══ Records for the exercise ══

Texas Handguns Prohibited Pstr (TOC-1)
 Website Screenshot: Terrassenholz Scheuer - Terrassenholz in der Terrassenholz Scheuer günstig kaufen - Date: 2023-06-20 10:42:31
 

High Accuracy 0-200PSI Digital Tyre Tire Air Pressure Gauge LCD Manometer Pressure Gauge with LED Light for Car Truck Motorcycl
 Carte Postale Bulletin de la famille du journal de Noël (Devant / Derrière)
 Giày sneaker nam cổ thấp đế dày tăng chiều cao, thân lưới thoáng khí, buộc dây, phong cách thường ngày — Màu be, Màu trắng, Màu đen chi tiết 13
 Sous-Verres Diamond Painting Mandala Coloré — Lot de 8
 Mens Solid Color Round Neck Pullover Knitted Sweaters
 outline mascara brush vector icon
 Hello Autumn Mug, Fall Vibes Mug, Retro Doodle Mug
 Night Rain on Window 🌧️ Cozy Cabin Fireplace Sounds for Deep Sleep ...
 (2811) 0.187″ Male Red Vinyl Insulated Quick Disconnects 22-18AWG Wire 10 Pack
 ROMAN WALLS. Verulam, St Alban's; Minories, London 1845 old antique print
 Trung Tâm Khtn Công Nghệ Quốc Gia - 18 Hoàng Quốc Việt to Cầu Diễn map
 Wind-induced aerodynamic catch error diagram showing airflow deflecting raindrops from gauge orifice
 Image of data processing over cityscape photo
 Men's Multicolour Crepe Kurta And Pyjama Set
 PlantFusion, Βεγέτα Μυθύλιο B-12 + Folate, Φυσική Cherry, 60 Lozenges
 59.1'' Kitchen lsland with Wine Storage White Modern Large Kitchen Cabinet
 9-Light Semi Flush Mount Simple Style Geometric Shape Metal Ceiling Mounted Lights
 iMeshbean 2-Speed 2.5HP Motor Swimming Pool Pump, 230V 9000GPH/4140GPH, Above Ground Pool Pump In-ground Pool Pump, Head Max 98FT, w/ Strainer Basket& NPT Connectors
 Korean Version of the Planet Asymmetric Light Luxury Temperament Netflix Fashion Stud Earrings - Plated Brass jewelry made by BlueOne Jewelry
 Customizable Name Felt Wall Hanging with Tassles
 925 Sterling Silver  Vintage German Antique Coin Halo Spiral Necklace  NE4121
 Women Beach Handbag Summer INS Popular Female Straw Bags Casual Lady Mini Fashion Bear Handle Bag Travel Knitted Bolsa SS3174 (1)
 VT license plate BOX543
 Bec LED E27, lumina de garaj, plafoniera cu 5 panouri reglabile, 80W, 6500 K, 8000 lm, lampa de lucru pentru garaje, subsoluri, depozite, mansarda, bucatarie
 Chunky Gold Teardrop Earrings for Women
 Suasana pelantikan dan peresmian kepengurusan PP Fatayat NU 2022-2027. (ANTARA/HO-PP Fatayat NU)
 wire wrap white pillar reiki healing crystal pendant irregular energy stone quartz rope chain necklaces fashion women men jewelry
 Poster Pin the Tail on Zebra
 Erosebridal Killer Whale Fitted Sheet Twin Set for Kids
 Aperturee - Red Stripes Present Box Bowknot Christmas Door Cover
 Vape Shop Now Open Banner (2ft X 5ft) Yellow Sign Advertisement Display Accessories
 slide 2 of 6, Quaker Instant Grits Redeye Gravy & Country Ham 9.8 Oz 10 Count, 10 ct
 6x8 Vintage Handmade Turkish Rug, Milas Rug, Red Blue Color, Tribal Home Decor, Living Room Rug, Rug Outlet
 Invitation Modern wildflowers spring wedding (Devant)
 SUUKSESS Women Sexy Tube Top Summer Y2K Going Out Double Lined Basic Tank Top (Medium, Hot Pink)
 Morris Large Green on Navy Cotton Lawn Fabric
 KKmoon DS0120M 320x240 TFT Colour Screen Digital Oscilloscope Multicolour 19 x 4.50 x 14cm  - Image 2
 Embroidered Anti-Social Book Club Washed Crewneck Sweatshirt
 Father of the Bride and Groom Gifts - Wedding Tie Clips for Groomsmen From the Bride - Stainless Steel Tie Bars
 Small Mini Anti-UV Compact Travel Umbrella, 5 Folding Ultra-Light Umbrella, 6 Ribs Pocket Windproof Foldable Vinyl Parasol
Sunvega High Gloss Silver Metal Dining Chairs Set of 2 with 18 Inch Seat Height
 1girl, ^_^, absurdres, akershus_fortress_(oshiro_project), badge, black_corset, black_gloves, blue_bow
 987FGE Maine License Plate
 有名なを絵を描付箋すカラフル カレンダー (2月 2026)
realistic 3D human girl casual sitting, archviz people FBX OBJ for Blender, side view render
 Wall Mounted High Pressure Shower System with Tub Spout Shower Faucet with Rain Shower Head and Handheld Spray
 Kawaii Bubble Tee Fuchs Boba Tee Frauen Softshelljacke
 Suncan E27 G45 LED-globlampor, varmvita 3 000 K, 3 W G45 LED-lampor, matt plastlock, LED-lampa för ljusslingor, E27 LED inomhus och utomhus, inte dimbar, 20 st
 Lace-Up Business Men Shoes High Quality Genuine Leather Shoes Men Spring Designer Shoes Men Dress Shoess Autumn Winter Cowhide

═══

* Instructions for the task *
Return all lines of the data in which the string "Multicolour" appears.

* Expected answer *
 Men's Multicolour Crepe Kurta And Pyjama Set
 KKmoon DS0120M 320x240 TFT Colour Screen Digital Oscilloscope Multicolour 19 x 4.50 x 14cm  - Image 2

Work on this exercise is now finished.